[Short descriptive text snippets]
+--
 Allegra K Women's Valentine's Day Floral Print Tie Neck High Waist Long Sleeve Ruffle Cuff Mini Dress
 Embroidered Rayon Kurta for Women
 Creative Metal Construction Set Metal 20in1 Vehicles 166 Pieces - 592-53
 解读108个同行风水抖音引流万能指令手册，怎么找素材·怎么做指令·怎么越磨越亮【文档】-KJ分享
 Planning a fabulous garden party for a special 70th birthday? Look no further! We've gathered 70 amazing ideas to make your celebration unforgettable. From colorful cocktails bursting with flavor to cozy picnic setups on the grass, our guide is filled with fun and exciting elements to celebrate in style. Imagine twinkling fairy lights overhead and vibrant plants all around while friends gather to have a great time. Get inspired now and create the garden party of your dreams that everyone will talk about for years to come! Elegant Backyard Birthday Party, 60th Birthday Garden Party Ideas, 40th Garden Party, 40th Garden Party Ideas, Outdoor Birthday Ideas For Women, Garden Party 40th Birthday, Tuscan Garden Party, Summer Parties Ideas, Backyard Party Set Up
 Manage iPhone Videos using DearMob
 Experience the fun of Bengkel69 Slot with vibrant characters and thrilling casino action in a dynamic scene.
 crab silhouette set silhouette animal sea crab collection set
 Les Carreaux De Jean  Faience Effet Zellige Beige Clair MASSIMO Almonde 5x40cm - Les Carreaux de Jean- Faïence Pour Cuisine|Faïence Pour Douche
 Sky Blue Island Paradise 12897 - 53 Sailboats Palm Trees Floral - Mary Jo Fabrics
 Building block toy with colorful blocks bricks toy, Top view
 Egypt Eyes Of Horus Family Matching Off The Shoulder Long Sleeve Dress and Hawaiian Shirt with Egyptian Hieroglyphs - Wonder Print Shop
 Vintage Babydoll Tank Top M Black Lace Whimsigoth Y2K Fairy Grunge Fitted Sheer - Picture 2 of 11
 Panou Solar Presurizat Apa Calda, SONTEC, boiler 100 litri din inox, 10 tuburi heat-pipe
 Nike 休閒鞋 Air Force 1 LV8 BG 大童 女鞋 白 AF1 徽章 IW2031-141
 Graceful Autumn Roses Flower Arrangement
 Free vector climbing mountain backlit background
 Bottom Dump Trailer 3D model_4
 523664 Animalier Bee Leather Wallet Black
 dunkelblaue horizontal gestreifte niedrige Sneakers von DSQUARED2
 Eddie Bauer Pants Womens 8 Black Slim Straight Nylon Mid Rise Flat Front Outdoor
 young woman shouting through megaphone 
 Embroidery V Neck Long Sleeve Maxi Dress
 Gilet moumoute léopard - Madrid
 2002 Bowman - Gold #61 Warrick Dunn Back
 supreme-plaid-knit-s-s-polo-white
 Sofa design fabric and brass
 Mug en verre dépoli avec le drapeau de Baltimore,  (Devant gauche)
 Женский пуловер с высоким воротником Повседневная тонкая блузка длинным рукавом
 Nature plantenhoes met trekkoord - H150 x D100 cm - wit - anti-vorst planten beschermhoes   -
+--
- Exercise instructions:
Extract every line containing the string "Print" from the data above.

- Completed task:
 Allegra K Women's Valentine's Day Floral Print Tie Neck High Waist Long Sleeve Ruffle Cuff Mini Dress
 Egypt Eyes Of Horus Family Matching Off The Shoulder Long Sleeve Dress and Hawaiian Shirt with Egyptian Hieroglyphs - Wonder Print Shop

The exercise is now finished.